Monday, 17 January 2011


I was recently given an e-reader.

It was a great gift and instantly became my favourite gadget.

Suddenly, I had a portable library of 100s of books to take with me wherever I went.

I was smitten.

And because I have taken it everywhere with me, lots of other people have handled my e-reader too, mostly out of mild curiosity.

What has struck me about this is that everyone has tried to use the e-reader in the same way.

They have tried to turn the pages using their fingers on the screen, as if it were an iPad or some other touch screen device.

But it isn't.

The reason for this misunderstanding lies in the perceived affordance of my e-reader.

Affordance was a term coined by the psychologist JJ Gibson to refer to the actionable properties of an object in relation to a subject.

They are essentially the possibilities thrown up by the interaction between people and the world.

Perceived affordance was a development of this idea by the designer Donald Norman.

He argued that what is important in design is whether a user perceives some action as possible, rather than whether it actually is possible.

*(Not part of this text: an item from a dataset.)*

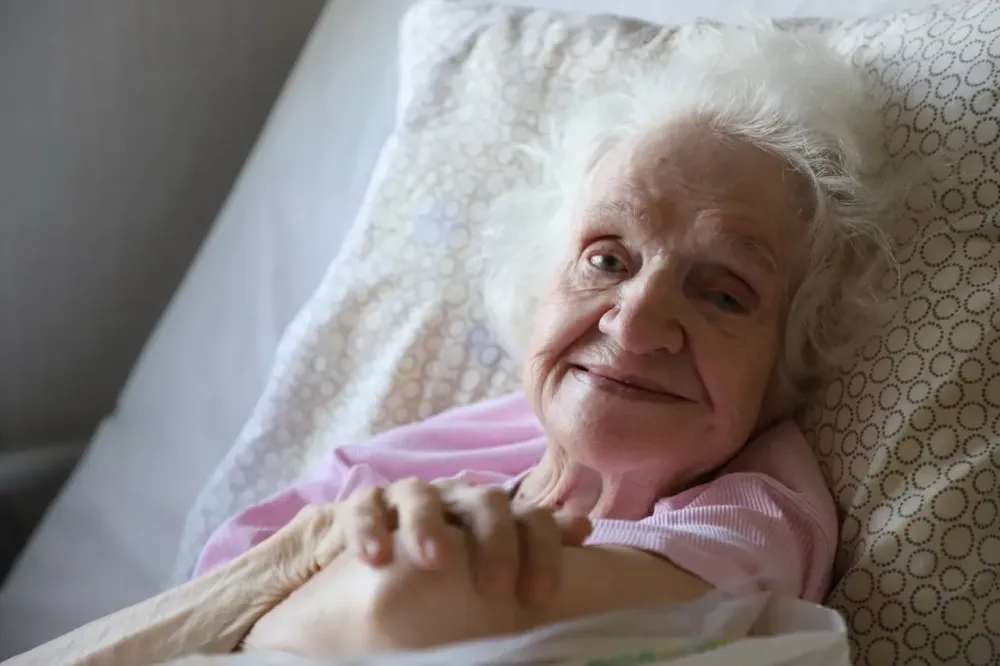 в Бронницах Бронницы - изображение 3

So all the people who touched the screen  of my e-reader, expecting it to have an effect, were doing so in accordance with the perceived affordance of screens on e-readers.

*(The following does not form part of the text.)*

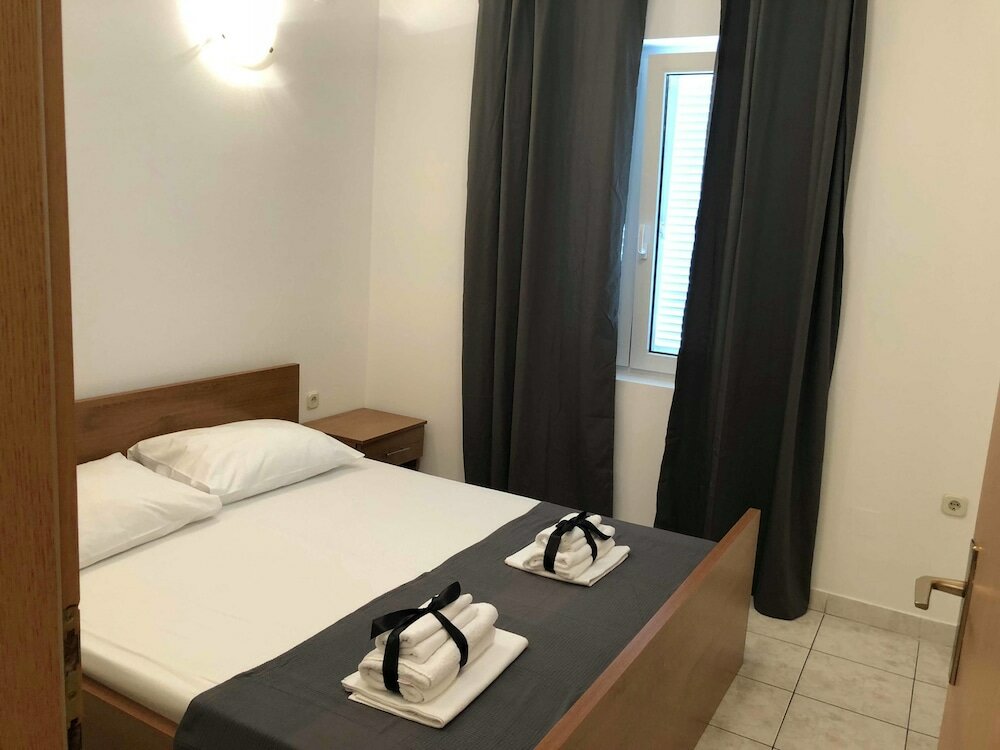 Фото Apartmani Ana&Ita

They weren't touching the screen because it could be touched - that would be mere affordance.

They were touching it because they perceived this was the right way to interact with it.

Naturally, I got to thinking what the perceived affordances are in BE.

The first one that struck me was the language itself - how a student's L1 sets up expectations about the way a language should be used.

Surely, if we were designing English from scratch, we would tweak the user interface to make it a little more student-friendly, giving it that touch-screen swoosh which needs no articles, present perfect, or 3rd person 's'.

Secondly, the perceived affordances of our learning environments are heavily, sometimes completely, influenced by school and university.

This can lead to students deploying inherited behaviours, such as those that come with expecting teacher-centred classrooms.

 It also alters the way BE is considered.

English is a school subject throughout much of the world and it therefore naturally collocates with classroom, teacher, homework, etc, but not with meeting room, trainer, personal development.

Thirdly, then, this affects what people expect from us and what we expect from ourselves and our clients.

Do you work for a school/university, or do you work for a company?

Are you a teacher, or, to borrow from Mark Powell, are you a linguistics solution provider?

And if you work for one or the other, act like one or the other, will your perceived affordances change, and if so, for the better or worse?


  1. Hi Tony - yes, a good point. Related to the much debated difference between calling ourselves teachers or trainers ...

    I used to be a big fan of ebooks - in fact, I even bought my kids their own ebooks. Then the "system" decided that it would no longer be possible for us to to buy ebooks online from UK bookshops because we are not resident in the UK ... so I joined a lot of very frustrated ex ebook users, and went back to buying paperbacks ... perceived affordance maybe?

  2. Hi Evan - yes, you have to wonder sometimes whether we live in a global economy or not. I've had the same experience with every type of digital media: you want to buy something, and they won't let you. It's little wonder fake IP address companies are thriving - now they really do define perceived affordance!